2026.05.08NEW

ビネシュ・フォガト(インド)はアジア大会の国内予選に出場できず!

 インドの多くのメディアが報じたところによると、2028年ロサンゼルス・オリンピックを目指して現役復帰したビネシュ・フォガト(インド)は、今月下旬に予定されているアジア大会の選考会に出場できないことになった。

 5月6日にインド・レスリング連盟が発表した選考基準によると、アジア大会予選への参加資格は2025年シニア全国選手権(2025年12月)、2026年シニア連盟杯(2026年2月)、U20全国選手権(2026年4月)の3つの国内大会でメダルを獲得した選手に限定。フォガトは2024年パリ・オリンピックのあと現役引退を表明。母になったこともあり、試合出場はなかった。

 昨年12月に現役復帰を決め、5月10日から12日に行われる全国オープンランキングトーナメントの57kg級に出場し、アジア大会を目指す予定だったが、同大会は選考会の出場資格とは無関係とのこと。連盟は「過去の成績は一切考慮せず、選考会の結果のみで決定する」との方針を明確に打ち出した。

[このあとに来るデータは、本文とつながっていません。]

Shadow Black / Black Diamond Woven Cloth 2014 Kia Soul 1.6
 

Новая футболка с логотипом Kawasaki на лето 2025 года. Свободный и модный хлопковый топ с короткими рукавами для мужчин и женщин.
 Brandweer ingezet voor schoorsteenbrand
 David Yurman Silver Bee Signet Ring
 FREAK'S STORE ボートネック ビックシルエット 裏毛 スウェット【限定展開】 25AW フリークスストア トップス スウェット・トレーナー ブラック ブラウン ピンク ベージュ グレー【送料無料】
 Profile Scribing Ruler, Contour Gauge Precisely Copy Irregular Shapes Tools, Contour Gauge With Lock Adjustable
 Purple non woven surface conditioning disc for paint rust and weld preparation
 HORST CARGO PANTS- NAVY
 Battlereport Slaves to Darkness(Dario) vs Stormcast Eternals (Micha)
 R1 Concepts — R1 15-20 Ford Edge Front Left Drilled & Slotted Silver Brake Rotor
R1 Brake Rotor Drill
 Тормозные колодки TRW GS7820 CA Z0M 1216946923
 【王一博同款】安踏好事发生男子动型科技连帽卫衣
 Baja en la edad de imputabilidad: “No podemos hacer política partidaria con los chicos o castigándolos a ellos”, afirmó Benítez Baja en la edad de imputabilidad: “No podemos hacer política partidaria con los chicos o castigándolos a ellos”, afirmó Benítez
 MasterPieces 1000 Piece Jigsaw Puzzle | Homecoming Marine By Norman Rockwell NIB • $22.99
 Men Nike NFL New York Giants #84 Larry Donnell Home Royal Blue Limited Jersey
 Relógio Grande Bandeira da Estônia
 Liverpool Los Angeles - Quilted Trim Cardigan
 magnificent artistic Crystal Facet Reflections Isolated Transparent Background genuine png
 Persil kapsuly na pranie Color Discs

 ビネシュの復帰に関しては、当初から連盟の“妨害”が報じられており、ビネシュも「自身の復帰を阻止するために不正操作されている」と主張していた。数年前に起きたインド・レスリング連盟会長のセクハラ問題に関し、被害者の一人がフォガト。裁判は現在でも続いており、当時は匿名だったが、このほど実名を明らかにし、連盟と対立中。その報復を受ける可能性を口にしていた。